- Specialty: ENT surgery, endocrinology, oncology

= Thyroid lymphoma =

Thyroid lymphoma is a rare cancer constituting 1% to 2% of all thyroid cancers and less than 2% of lymphomas. Thyroid lymphomas are classified as non–Hodgkin's B-cell lymphomas in a majority of cases, although Hodgkin's lymphoma of the thyroid has also been identified.

==Signs and symptoms==
As with other thyroid lesions, thyroid lymphoma affects predominantly females over 70 years of age with a history of Hashimoto's thyroiditis. Thus, Hashimoto's thyroiditis is considered a risk factor for thyroid lymphoma development. Thyroid lymphoma manifests as a rapidly enlarging neck mass which may compress the nearby trachea thereby causing narrowing or obstruction of the airway resulting in breathing difficulties or even respiratory failure. On physical examination, affected people typically exhibit a firm thyroid gland and enlarged lymph nodes.
- Painless neck mass
- Hoarseness
- Difficulty swallowing
- Signs of tracheal compression

==Diagnosis==
Thyroid lymphoma poses a diagnostic and therapeutic challenge. This is because several manifestation patterns are similar to those of anaplastic thyroid cancer (ATC). Fine-needle aspiration (FNA) helps distinguish the two entities preoperatively.

=== Histopathology ===
The majority of thyroid lymphomas are non–Hodgkin's B-cell lymphomas; a minority exhibit properties of T-cell lymphomas.
- Diffuse large B-cell lymphoma with marginal zone
- Diffuse large B-cell lymphoma without marginal zone
- Marginal zone В-cell lymphoma of mucosa-associated lymphoid tissue (MALT)
- Follicular lymphoma

===Staging===
Staging of thyroid lymphoma is shown in the table below

| Stage | Characteristics |
|---|---|
| 1Е | Lymphoma is located within the thyroid |
| 2Е | Lymphoma is located within the thyroid and regional lymph-nodes |
| 3Е | Lymphoma is located at both sides of diaphragm |
| 4Е | Dissemination of lymphoma |

==Treatment==
Combined modality therapy is the most common approach for the initial treatment of thyroid lymphomas.

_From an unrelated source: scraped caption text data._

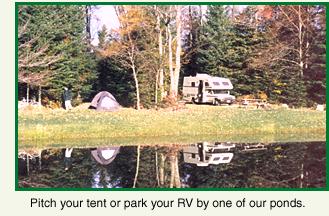 Pitch your tent or park your RV by one of our ponds.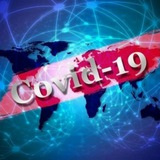 Telegram profile photo for Пандемия COVID-19. Как это было.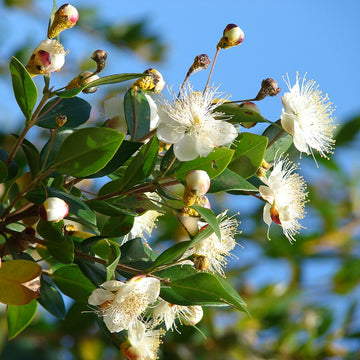 Myrtus Communis Seeds -  Herb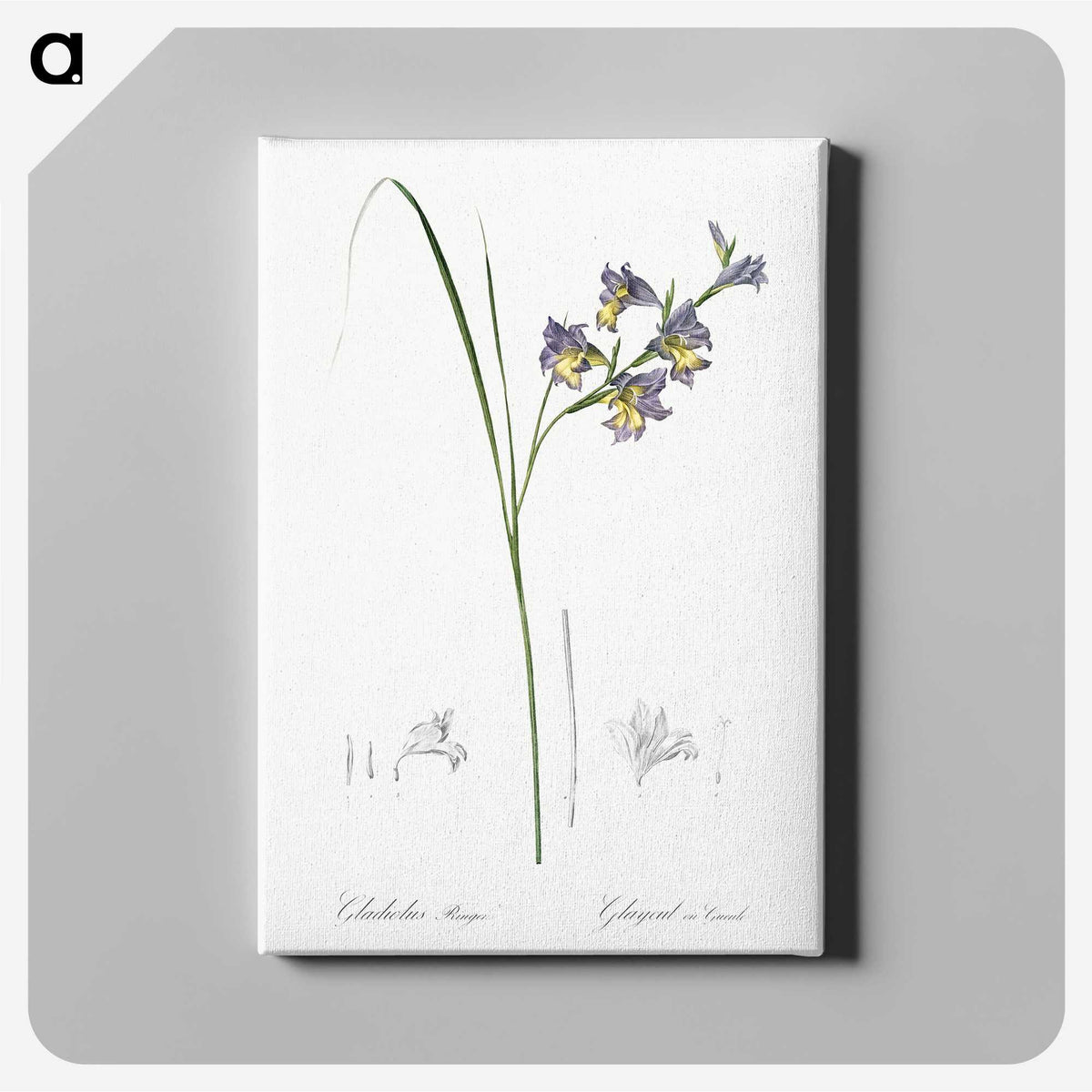 2-30_The-Lilies_canvas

The CHOP regimen (cyclophosphamide, doxorubicin, vincristine and prednisone) has been shown to be highly effective for many types of thyroid lymphoma. However, it is suggested to perform radiation therapy only for MALT resulting a 96% complete response, with only a 30% relapse rate. Surgical treatment might be performed for patients with thyroid lymphoma in addition to chemotherapy and radiation, particularly for MALT lymphomas.

==Prognosis==
The factors of poor prognosis for people with thyroid lymphoma are advanced stage of the tumor, large size (>10 cm) as well as spreading to mediastinum. The overall survival for primary thyroid lymphoma is 50% to 70%, ranging from 80% in stage IE to less than 36% in stage IIE and IVE in 5 years.